[][src]Module measureme::stringtable

A string table implementation with a tree-like encoding.

Each entry in the table represents a string and is encoded as a list of components where each component can either be

  1. a string value that contains actual UTF-8 string content,
  2. a string ID that contains a reference to another entry, or
  3. a terminator tag which marks the end of a component list.

The string content of an entry is defined as the concatenation of the content of its components. The content of a string value is its actual UTF-8 bytes. The content of a string ID is the contents of the entry it references.

The byte-level encoding of component lists uses the structure of UTF-8 in order to save space:

  • A valid UTF-8 codepoint never starts with the bits 10 as this bit prefix is reserved for bytes in the middle of a UTF-8 codepoint byte sequence. We make use of this fact by letting all string ID components start with this 10 prefix. Thus when we parse the contents of a value we know to stop if the start byte of the next codepoint has this prefix.

  • A valid UTF-8 string cannot contain the 0xFF byte and since string IDs start with 10 as described above, they also cannot start with a 0xFF byte. Thus we can safely use 0xFF as our component list terminator.

The sample composite string ["abc", ID(42), "def", TERMINATOR] would thus be encoded as:

This example is not tested
    ['a', 'b' , 'c', 128, 0, 0, 42, 'd', 'e', 'f', 255]
                     ^^^^^^^^^^^^^                 ^^^
             string ID 42 with 0b10 prefix        terminator (0xFF)

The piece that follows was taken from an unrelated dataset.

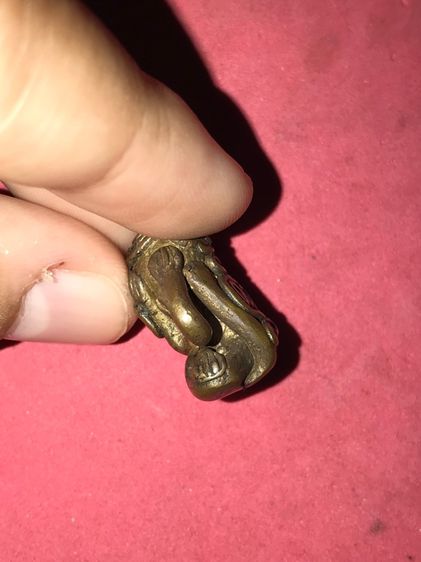 พระปิดตา พิมพ์ว่าวจุฬา หลวงพ่อเจ็ก วัดเขาแดงตะวันตก พัทลุง ปี 2485 ยุคต้น เนื้อโลหะผสม มีคราบน้ำทอง คราบเบ้าอยู่ครบ พุทธศิลป์พระฟอร์มสวยจัด  รูปที่ 4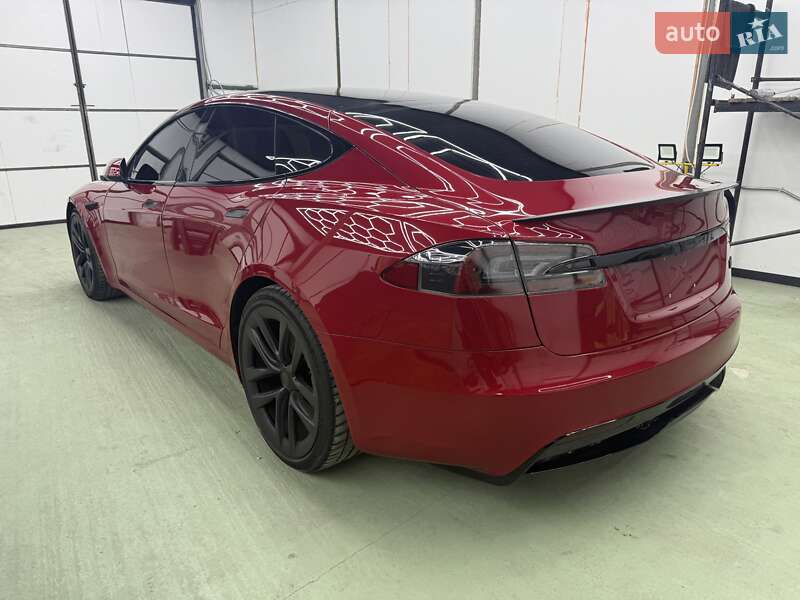 Лифтбек Tesla Model S 2021 в Львове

As you can see string IDs are encoded in big endian format so that highest order bits show up in the first byte we encounter.


Each string in the table is referred to via a StringId. StringIds may be generated in two ways:

  1. Calling StringTable::alloc() which returns the StringId for the allocated string.
  2. Calling StringTable::alloc_with_reserved_id() and StringId::reserved().

String IDs allow you to deduplicate strings by allocating a string once and then referring to it by id over and over. This is a useful trick for strings which are recorded many times and it can significantly reduce the size of profile trace files.

StringIds are partitioned according to type:

[0 .. MAX_PRE_RESERVED_STRING_ID, METADATA_STRING_ID, .. ]

From 0 to MAX_PRE_RESERVED_STRING_ID are the allowed values for reserved strings. After MAX_PRE_RESERVED_STRING_ID, there is one string id (METADATA_STRING_ID) which is used internally by measureme to record additional metadata about the profiling session. After METADATA_STRING_ID are all other StringId values.

Structs

StringId

A StringId is used to identify a string in the StringTable.

StringTableBuilder

Write-only version of the string table

Enums

StringComponent

A single component of a string. Used for building composite table entries.

Constants

MAX_STRING_ID
METADATA_STRING_ID

The id of the profile metadata string entry.

STRING_ID_MASK
TERMINATOR

Traits

SerializableString

Anything that implements SerializableString can be written to a StringTable.